All of these suggestions are tentative, subject to revision as this remarkable project unfolds.
I take two of Terry's points as a fundamental guide for the planning process and add two of my own warnings.
1. Begin with one fundamental principle – the principle of universal and free access to all knowledge.
2. Distinguish between contributors of content to DPLA (e.g. authors, collectors, publishers, libraries, private donors, etc.) and consumers of content (e.g. scholars, citizens, anyone who wants to). The consumers should be able to access all DPLA content for free while there can be many ways in which the contributors of content can be remunerated. The same distinction should guide the approach for open versus restricted (in copyright or orphan) materials – multiple models for the contributors while made free to the users.
Everything else should follow from this principle and this distinction: the governance, sustainability and business models, technology decisions, legal issues, selection of content, funding decisions, etc.
1. Do not start planning the future DPLA by replicating the existing system and types of libraries and the conceptual framework they impose on our thinking (e.g. public versus scholarly, state versus community-based libraries, K12 versus academic research libraries, research libraries versus other, etc.) These distinctions are less relevant in the world of digital information and will hamper the development of DPLA.
2. Do not waste time trying to predict all possible users and uses of DPLA content; this is a futile and counterproductive effort.
I have similar feelings.

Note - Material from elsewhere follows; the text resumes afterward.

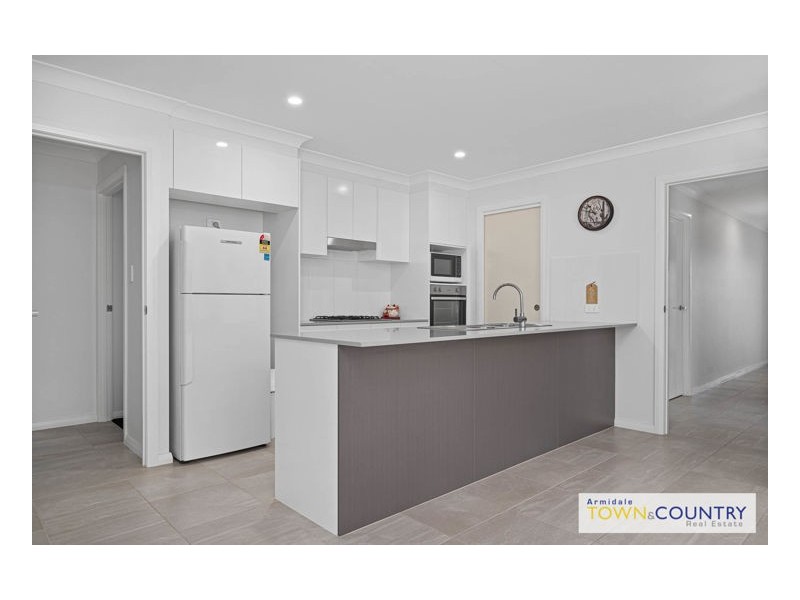 32 Cookes Road, Armidale NSW 2350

I think for this project to be "for everyone" we have to not imagine an infinite number of "use cases" of individual users of content and try to curate with a broad view in mind.
At the same time I'd hope that a digital product could be accessible to as many people as possible and I'd like us to emulate or even create best practices for accessibility and usability with even the alpha and beta versions of this, not roll-in ad hoc accesibility features later.
It's easy to get tangled in the weeds with some of these issues but I think we've seen curatorial examples [Flickr Commons, Open Library, some of Public Resource's work] that shows that projects can be huge in scope and still be usable and accessible from an interface perspective.